Sylvia Abena Peprah’s story as the first of her kind to attain high academic heights drew this Correspondent close to her to unearth the secrets behind her success.
The 34-year-old deafblind young woman from Breman-Asikuma in the Central Region lived her life as a normal child until age seven when a strange illness led to her admission at the Korle-Bu teaching hospital. Upon recovery however, the young girl lost her hearing and visual ability and her speech to a large extent.
Detailing her early educational background, Sylvia speaking through, Mr. Theodore Akleih, one of her former instructors at the deafblind department of the Demonstration School for the Deaf at Mampong-Akuapem in the Akuapem-North District of the Eastern Region where she currently offers voluntary service, said she began her early education as a normal child.
Sounding faintly audible in her narration, Sylvia said, “I started normal school when I was a child before I started special school, because that time I was seeing and hearing so I attended normal school…Later on, I fell ill and became deaf and blind.”
After successfully writing her BECE at the Demonstration School for the Deaf, she was subsequently introduced to the School for the Blind at Akropong, also in the Akuapem-North for her senior high school education. There she studied general arts, history and economics and CRS which she completed in 2016.
She thereafter offered voluntary work at the centre for blind children before proceeding to the University of Education Winneba in 2017 to pursue a two-year diploma programme in Community-Based Rehabilitation and Disability Studies.
Sylvia graduated with Distinction from the University of Education Winneba (UEW) in 2019 after pursuing a two-year diploma programme in Community-Based Rehabilitation and Disability Studies.
Sylvia Abena Peprah during her graduation in 2019 at the UEW
Determined to further her academic pursuits, the young woman furthered her quest for a degree as she pursued her post-diploma programme, in the same course at the same university where she obtained a Bachelor of Education with a Second Class Lower and thereafter did her national service at her alma mater, the Demonstration School for the Deaf.

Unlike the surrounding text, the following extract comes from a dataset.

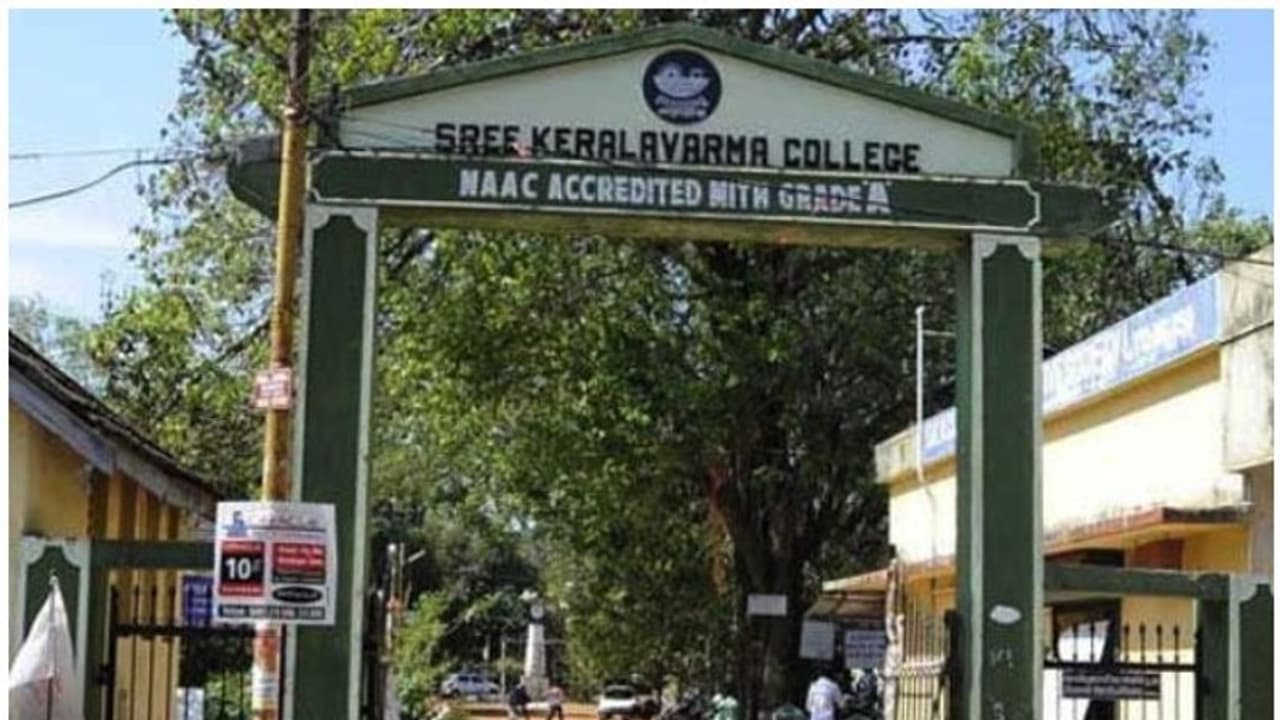 കേരള വര്‍മ്മ കോളേജ് യൂണിയന്‍ ചെയര്‍മാനെ അപമാനിച്ചെന്നാരോപിച്ച് പ്രിന്‍സിപ്പലിനെ ഘെരാവോ ചെയ്തു; ജോലി രാജിവച്ച് പ്രിന്‍സിപ്പല്‍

The institution provided Sylvia with the platform to prove to Ghana that the loss of both her sight and hearing was not a barrier to her attaining a University education.

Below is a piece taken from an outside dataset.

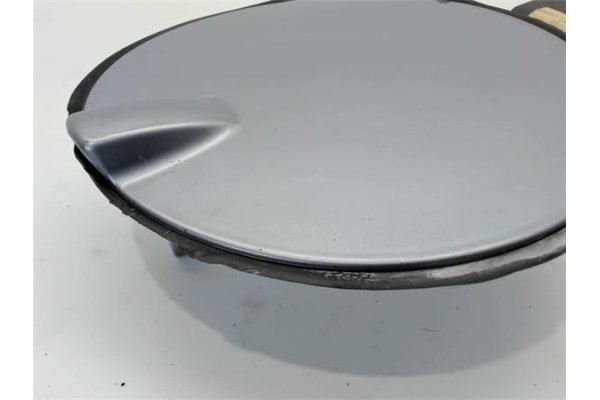 Recambio de tapa exterior combustible para opel astra h berlina 1.7 cdti referencia OEM IAM 13111597 13111596 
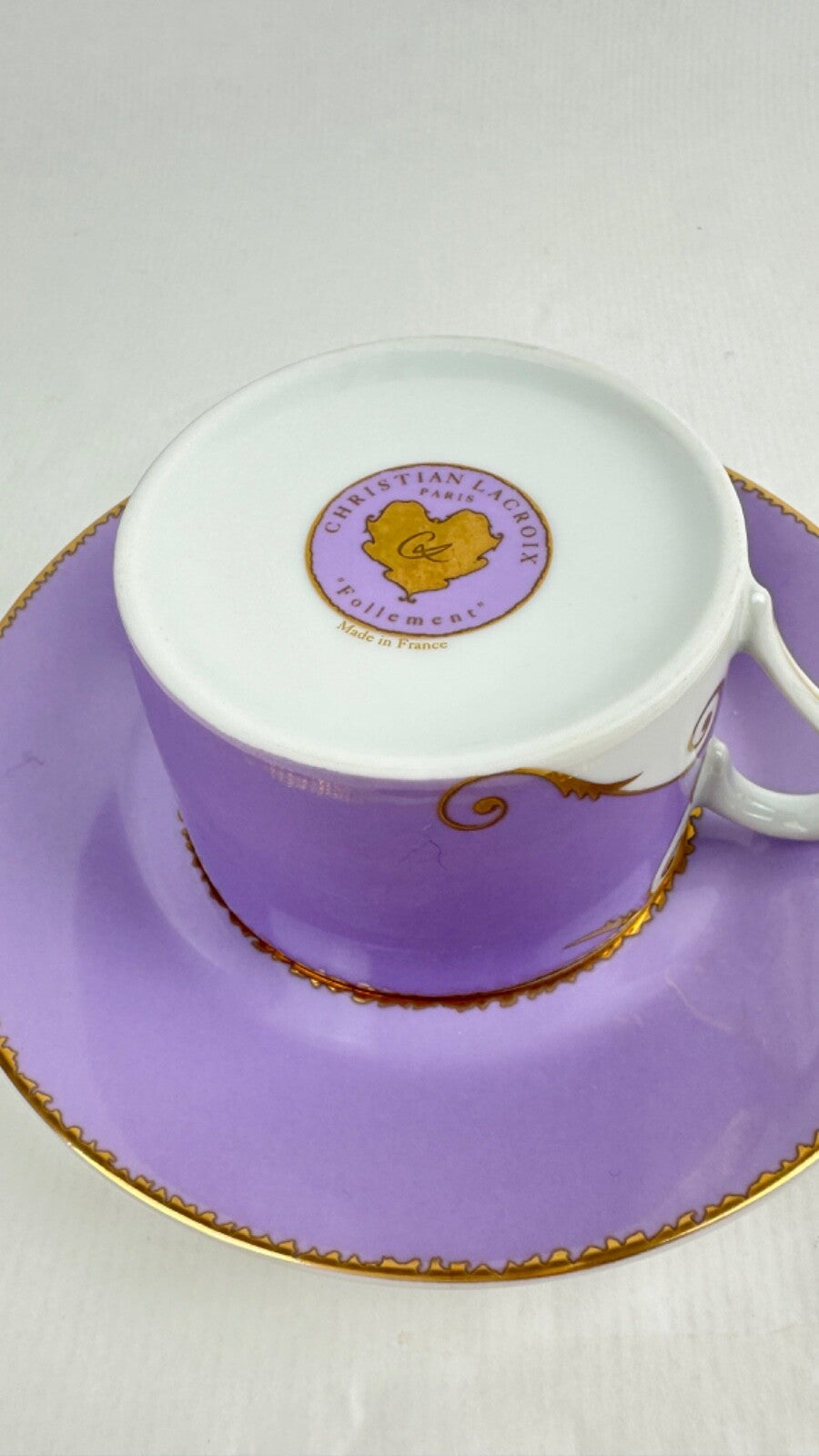 Suite de 4 tasses à thé Christian Lacroix modèle Follement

Currently waiting for government employment after her national service, the young woman occupies her time doing voluntary work with the Deafblind Department of the Demonstration School for the Deaf.
Here, she provides assistance to the department’s efforts to train the young deafblind students currently undergoing training at the facility.
“I’m waiting for government employment that is why I’m here to offer volunteering work to the deafblind children,” she said.
Sylvia’s future aspirations include working with the Ghana Education Service, particularly with deafblind children and establishing an NGO to support deafblind children in Ghana.
Despite society’s perception of persons like Sylvia as being incapable in various ways, the deafblind graduate says the contrary is the reality.
Neither unable to see nor hear, Sylvia, like other deafblind persons need some introduction to know whom they’re communicating with. She said persons who want to communicate with her must come close to her, and touch her hands to notify her that they want to talk to her.
To keep her occupied and raise some capital, she crafts some artworks such as doormats, bed mats, praying mats for Muslims amongst others which she produces from fabric.
She stressed that children with disabilities must be sent to school like other children to access education or some training.
Her message to society is simple, “I want to tell people that people with disabilities especially deafblind children, they must bring the children to school because schooling is very important for all children in the world .”
She added that sending kids with such conditions to school is very important as they acquire a lot of knowledge and skills which they won’t acquire if they remained at home.
“If you have a child with a disability and you send him to school, teachers are there to train the children or help them to develop their potential, they acquire a lot of skills,” she said
Citing herself as an example, Miss Peprah said being brought to the centre helped her acquire those communication skills.
She said though her family failed to support her in the beginning, her instructors at the deafblind department encouraged her family to give her the necessary assistance.
Sylvia is yet to meet the man of her dreams. Asked if she has men approaching or expressing interest in her, she answered in the negative but hopes to in the near future meet a caring man to whom she would get married to.
“Now, I’m not married, I want God to lead me to a good husband who’ll stay with me forever,” she said.
Appeals for braille computer, sight guide
Sylvia is capable of and undertakes some basic responsibilities including cooking, washing, sweeping and cleaning and others.
Nevertheless, she currently has a personal sight guide who voluntarily supports her in her day-to-day activities. However, she needs some assistance to employ a full-time personal guide and interpreter.
“I have a problem with a sight guide, I need somebody to guide me and an interpreter so I want someone to help me pay that person, I’d be happy. I can’t see, I can’t hear, I depend on people for all my activities, I want government to help me,” she appealed
She also appealed for a braille computer to enable her to lead an independent life.